How to sample from joint Bernoulli distribution?

339 Views Asked by At

I have done searches on google.com and here but haven't found a related one. I apologize if this is a re-post.

Here is my question:

I have a set $n$ of Bernoulli random numbers, and I know the marginal distributions $p_i$ and pairwise joint distributions $p_{ij}$, I would like to generate $m$ i.i.d. samples from this random numbers. How should I do this? Any input is appreciated.

Maybe I should have asked this question in the first place. In practice, when talking about correlation, is the pair-wise joint distribution or pair-wise correlation more often seen?

Thanks!

1

There are 1 best solutions below

6
On

First, knowing the pairwise distributions $p_{ij}$already gives you $p_i$. On the other hand, that data is not enough to determine the full join distribution.

If you only are interested in generating a Bernoulli that fit those $p_{ij}$, withouth regard for higher distributions, then simply assume a Markov process, and generate $x_1$ according to $p_1$, then $x_2$ according to $p_{2|1}=p_{12}/p_{1}$

Regarding you last question: no special preference.
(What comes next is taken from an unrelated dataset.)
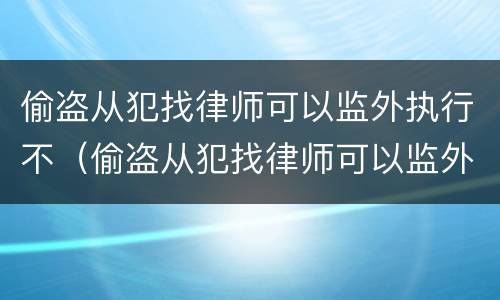 偷盗从犯找律师可以监外执行不（偷盗从犯找律师可以监外执行不起诉吗）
You can either give $p_1$ $p_2$ and $\rho_{12}$ or either $p_{12}$. In both cases there are three degrees of freedom, and it's trivial to convert from one representaion to another.


Update: The above only is useful to fit the pair distributions of consecutive elements, ($p_{1,2},p_{2,3},\dots$) but it does not fit other pair correlations. A complete treatment is more complicated.

A multivariate Bernolli is fully (and univocally) specified by the $2^n$ joint probabilities $p_{\bf x}$ restricted to $0 \le p_{\bf x} \le 1$ and $\sum p_{\bf x}=1$. An alternate (and perhaps more convenient) representation is given (refer to this answer) by the $2^n-1$ coefficients $a_{i...k}=E[x_i \cdots x_k]$, where $x_i=\pm1$ and $a_{\emptyset}=1$. These both representations are linearly related through a Hadamard matrix.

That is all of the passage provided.